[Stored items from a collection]
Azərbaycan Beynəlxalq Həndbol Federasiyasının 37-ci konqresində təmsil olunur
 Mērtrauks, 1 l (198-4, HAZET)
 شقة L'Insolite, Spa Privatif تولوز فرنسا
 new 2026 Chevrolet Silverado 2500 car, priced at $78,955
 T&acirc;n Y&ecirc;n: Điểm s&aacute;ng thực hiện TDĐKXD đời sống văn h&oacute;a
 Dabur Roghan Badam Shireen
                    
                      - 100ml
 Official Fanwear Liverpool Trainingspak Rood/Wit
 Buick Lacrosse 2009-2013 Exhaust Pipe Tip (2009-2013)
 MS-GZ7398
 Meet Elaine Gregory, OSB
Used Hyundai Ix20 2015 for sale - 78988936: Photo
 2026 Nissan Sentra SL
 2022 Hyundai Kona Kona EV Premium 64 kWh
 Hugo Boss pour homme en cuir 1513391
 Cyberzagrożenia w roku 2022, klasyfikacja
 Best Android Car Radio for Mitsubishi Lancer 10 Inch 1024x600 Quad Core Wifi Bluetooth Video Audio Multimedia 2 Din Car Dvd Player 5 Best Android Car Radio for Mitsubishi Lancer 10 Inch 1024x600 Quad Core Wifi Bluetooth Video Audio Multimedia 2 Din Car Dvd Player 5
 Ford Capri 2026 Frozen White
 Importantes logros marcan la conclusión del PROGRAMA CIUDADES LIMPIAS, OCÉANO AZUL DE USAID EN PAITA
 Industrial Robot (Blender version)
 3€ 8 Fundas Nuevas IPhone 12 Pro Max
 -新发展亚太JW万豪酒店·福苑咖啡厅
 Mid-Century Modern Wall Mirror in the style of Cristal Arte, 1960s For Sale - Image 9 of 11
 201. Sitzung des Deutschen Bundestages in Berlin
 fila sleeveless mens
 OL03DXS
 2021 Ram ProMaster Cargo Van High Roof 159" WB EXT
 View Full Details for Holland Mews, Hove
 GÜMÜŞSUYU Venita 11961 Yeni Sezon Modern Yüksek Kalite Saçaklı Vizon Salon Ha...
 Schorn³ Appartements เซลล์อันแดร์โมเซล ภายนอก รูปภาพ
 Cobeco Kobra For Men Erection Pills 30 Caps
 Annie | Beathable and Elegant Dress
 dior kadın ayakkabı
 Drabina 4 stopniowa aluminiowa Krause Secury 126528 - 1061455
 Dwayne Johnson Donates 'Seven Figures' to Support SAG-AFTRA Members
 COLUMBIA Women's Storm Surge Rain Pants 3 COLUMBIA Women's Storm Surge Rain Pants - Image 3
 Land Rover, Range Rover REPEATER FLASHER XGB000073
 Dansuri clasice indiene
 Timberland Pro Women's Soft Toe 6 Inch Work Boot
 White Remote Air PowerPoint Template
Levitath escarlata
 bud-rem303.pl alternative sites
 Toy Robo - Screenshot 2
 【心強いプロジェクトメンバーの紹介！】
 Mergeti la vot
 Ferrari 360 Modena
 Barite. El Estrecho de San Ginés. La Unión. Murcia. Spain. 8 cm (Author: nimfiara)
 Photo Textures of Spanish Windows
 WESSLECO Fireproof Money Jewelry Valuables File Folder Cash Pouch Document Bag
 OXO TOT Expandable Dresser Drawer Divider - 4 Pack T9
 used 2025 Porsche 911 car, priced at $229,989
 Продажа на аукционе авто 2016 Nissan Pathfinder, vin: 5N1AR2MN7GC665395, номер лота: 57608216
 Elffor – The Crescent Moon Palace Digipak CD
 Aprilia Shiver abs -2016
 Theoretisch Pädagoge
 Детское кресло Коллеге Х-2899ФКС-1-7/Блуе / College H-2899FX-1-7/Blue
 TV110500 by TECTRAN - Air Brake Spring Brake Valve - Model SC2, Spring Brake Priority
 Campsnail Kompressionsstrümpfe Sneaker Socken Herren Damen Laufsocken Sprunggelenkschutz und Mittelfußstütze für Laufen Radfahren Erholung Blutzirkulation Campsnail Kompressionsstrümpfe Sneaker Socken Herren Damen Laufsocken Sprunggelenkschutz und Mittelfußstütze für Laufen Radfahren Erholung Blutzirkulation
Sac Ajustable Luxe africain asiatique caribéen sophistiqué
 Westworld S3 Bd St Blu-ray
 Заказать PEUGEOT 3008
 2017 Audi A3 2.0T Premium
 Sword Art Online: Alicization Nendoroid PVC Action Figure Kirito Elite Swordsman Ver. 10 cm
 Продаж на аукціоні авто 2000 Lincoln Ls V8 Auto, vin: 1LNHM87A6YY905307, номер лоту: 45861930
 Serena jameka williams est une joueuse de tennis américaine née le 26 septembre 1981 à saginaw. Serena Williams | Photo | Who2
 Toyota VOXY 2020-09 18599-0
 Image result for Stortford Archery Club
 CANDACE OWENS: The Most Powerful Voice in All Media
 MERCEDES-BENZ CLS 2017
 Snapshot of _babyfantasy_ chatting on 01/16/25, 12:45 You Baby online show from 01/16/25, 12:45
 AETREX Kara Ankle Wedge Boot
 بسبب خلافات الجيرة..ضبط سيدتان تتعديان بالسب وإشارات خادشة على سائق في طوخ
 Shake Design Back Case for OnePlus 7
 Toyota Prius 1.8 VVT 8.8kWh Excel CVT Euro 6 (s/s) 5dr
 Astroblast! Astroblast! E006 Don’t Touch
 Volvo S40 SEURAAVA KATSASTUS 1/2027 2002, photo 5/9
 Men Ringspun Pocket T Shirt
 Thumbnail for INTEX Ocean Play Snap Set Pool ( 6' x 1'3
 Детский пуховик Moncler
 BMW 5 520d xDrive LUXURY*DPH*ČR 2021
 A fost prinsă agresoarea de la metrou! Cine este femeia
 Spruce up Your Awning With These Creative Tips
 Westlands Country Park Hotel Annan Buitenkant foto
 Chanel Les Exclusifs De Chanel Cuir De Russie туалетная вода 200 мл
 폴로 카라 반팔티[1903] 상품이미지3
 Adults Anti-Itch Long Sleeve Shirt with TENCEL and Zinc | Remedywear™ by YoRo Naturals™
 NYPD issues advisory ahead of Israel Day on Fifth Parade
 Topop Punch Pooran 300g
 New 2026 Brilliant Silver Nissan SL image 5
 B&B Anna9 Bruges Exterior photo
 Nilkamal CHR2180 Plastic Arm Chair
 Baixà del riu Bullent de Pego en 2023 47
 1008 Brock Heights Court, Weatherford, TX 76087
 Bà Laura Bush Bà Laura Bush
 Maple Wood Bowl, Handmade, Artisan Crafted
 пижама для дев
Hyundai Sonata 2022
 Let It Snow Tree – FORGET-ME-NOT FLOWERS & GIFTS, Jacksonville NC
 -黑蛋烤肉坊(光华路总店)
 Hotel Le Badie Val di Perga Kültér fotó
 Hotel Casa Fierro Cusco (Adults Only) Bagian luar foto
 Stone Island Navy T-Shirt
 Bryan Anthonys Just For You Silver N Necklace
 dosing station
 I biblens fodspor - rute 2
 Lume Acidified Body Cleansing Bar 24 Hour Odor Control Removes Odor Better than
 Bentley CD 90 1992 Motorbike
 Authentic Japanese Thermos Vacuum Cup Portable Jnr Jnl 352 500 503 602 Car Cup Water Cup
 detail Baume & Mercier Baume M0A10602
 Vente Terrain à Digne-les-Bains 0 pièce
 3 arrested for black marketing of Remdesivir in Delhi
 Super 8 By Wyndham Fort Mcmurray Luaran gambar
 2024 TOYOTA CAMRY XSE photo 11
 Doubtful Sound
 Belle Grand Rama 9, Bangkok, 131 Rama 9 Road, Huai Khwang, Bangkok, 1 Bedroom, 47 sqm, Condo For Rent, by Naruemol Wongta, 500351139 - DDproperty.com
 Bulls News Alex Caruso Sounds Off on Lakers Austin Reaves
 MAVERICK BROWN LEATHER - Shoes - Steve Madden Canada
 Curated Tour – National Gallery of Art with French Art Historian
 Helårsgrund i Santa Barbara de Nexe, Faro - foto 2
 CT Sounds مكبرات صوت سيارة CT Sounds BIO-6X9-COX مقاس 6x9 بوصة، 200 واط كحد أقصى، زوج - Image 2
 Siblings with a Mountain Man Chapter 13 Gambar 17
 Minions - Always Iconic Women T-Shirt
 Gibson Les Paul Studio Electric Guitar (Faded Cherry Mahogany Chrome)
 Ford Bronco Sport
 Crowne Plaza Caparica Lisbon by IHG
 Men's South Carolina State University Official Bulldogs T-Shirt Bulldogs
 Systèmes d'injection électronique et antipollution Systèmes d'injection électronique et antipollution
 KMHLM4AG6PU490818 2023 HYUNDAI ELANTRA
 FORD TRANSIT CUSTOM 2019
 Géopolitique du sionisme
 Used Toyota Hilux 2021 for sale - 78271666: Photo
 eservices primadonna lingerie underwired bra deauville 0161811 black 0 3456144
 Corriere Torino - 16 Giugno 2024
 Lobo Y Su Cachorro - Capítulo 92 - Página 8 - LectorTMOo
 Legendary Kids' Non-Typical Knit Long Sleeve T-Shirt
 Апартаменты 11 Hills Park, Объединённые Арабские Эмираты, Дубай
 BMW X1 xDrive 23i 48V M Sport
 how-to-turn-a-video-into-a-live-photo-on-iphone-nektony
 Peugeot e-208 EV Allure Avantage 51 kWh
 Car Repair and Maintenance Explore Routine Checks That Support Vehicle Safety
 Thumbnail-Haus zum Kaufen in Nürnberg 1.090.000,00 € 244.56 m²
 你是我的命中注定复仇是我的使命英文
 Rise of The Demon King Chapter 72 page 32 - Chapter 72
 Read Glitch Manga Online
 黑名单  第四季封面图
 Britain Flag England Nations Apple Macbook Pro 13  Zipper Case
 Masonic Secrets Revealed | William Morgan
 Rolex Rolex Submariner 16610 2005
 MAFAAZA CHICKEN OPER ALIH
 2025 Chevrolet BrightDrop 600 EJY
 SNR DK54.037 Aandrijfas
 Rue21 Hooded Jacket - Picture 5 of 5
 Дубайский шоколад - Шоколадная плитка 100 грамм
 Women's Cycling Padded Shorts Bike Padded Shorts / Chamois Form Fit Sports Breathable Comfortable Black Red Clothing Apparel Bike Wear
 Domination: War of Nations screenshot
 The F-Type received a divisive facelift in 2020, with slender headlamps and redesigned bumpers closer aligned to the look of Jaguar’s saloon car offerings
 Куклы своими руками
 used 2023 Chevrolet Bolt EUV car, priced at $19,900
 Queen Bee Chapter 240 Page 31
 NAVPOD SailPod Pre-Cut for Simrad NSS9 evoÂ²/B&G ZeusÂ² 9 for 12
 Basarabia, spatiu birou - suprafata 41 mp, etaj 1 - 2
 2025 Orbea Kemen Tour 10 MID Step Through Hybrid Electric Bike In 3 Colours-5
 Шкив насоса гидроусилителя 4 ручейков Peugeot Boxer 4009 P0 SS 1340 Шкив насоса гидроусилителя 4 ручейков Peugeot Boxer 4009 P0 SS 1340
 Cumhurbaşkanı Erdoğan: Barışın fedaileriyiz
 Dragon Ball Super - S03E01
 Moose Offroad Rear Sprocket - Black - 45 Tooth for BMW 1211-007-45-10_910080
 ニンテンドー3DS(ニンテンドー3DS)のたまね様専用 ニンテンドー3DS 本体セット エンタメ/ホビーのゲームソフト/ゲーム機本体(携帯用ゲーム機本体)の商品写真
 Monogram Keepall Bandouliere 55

● **EXERCISE PROMPT**: From the records above, copy each line that contains the word "White".

● **YOUR RESPONSE**:
 Ford Capri 2026 Frozen White
 White Remote Air PowerPoint Template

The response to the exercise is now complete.